Adelė Daunoravičiūtė (/ædɛˈleɪ daʊˌnɒrɑːvɪˈtʃuːteɪ/; born 29 April 1991) is a Lithuanian pianist.

== Biography ==
Daunoravičiūtė was born in Klaipėda, Lithuania. She began her musical training at the Vyturio primary school with musical education (teacher – methodologist Edita Šapolaitė). From 2005 to 2009, she studied music at Klaipėda S. Šimkaus conservatoire with teacher-expert Jūratė Liutkienė. Since 2010 and until 2016, Daunoravičiūtė studied at the Klaipėda University of Arts Faculty in the Professor Tatjana Romashkina (Svobodina) piano class. There she acquired master's of music degree and bachelor's degree in education with performer as a professional qualification.

She participated in master classes with professors Petras Geniušas, Walter Groppenberger, Ksenia Knorre, Vladimir Slobodian, Alexander Puliaev, Albina Šikšniūtė, Zbignevas Ibelhauptas, Jurgis Karnavičius, Vera Nosina, Eleonora Thach, Aik Grygorian,
2010 – 'New music generation' – master classes and individual lessons with Alexei Grynyuk, Igor Lovchinsky, Miroslav Kultyshev, Kasparas Uinskas.

== Awards ==
- 2001, 2003 – Republican Piano Ensemble competition (Lithuania). 3rd-place winner.
- 2007 – VI Republican Competition in Memoriam W. A. Mozart (Lithuania). 3rd-place winner.
- 2007, 2008 – S. Šimkus Conservatoire Competition of Etudes (Lithuania). 2nd-place winner.
- 2008 – II pianist competition dedicated to win B. Ciplijauskaitė's prize (Lithuania). 3rd-place winner.
- 2009 – III pianist competition dedicated to win B. Ciplijauskaitė's prize (Lithuania). 1st-place winner.
- 2009 – VII Republican Competition in Memoriam S. Vainiūnas (Lithuania). 2nd-place winner.

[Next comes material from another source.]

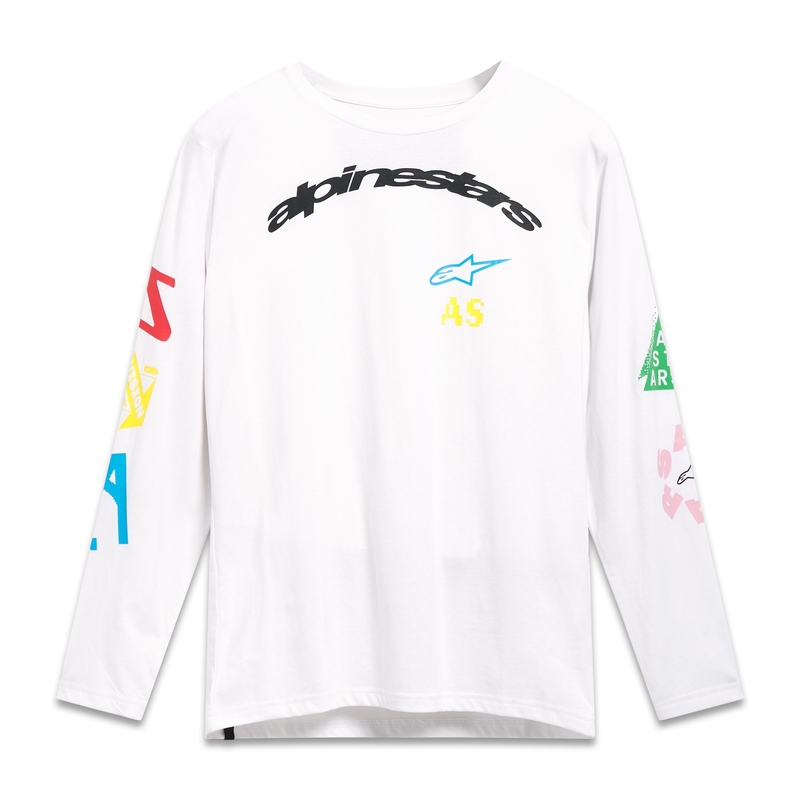 Tricou alb cu mânecă lungă Alpinestars Brundo CSF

- 2009 – IX international festival competition 'Music Without Limits' (Lithuania). Diplomant.
- 2010 – 'The art of the 21st century' festival competition (Italy). Solo category – 1st-place winner; Ensemble category – 1st-place winner.
- 2011 – 'The art of the 21st century' festival competition (Austria). Ensemble category – 1st-place winner.

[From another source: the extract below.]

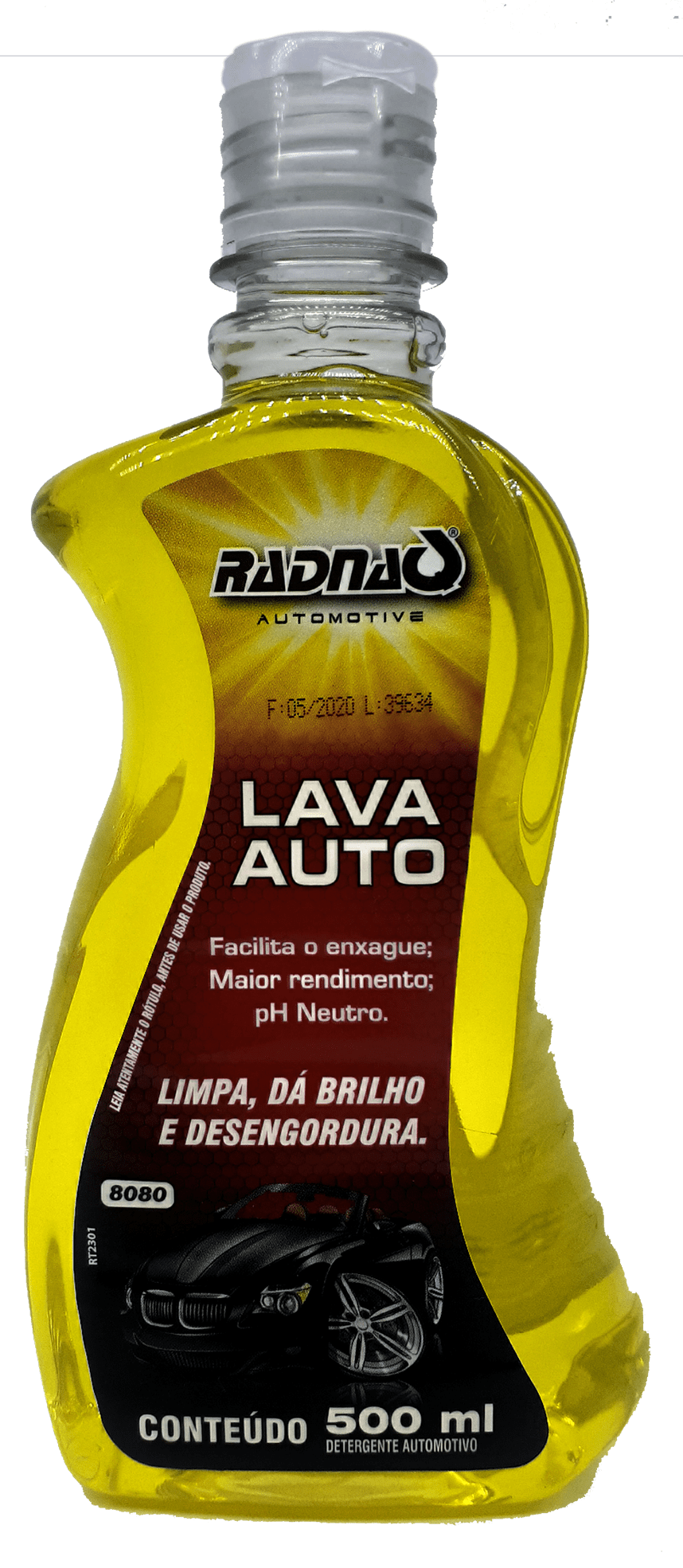 LAVA AUTO SHAMPOO PARA LAVAGEM DE VEICULOS LIMPA DA BRILHO E DESENGORDURA FACILITA O ENXAGUE MAIOR RENDIMENTO PH NEUTRO 500ML MARCA RADINAQ 8080 MAX018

- 2012 – 'The art of the 21st century' festival competition (Finland). Solo category – 1st-place winner; Ensemble category – 1st-place winner.
- 2012, 2013 – Presidential Antanas Smetona nominee scholarship (Lithuania).
- 2013 – Was established Cultural and art scholarship (Lithuania).
- 2013 – 'American Protégé' International Piano and Strings Competition (United States). Ensemble category – 1st-place winner.
- 2013 – 'The art of the 21st century' festival competition (Lithuania). Solo category – 1st-place winner; Ensemble category – 1st-place winner.
- 2014 – 'The art of the 21st century' festival competition (Lithuania). Ensemble category – Grand Prix.
- 2014 – 'American Protégé' International Piano and Strings Competition (USA). Solo category – 1st-place winner.
- 2014 – 'Adolf and Michael Gottlieb' International Piano Ensemble Competition (Russia). Diplomant.
- 2014 – The Švyturys Klaipėda's Future Scholarship was established by 'Švyturys-Utenos Alus' Company (Lithuania).
- 2015 – 'The art of the 21st century' festival competition (Portugal). Solo category – 1st-place winner; Ensemble category – Grand Prix.
- 2016 – International piano competition "Concours musical de France" (France). First round – 1st-place winner; Final round – 5th-place winner.
2011, 2012, 2013, 2014, 2015 – Recipient of five presidential awards for high achievement in music on international arena. Personally awarded by the President of Lithuania Dalia Grybauskaitė.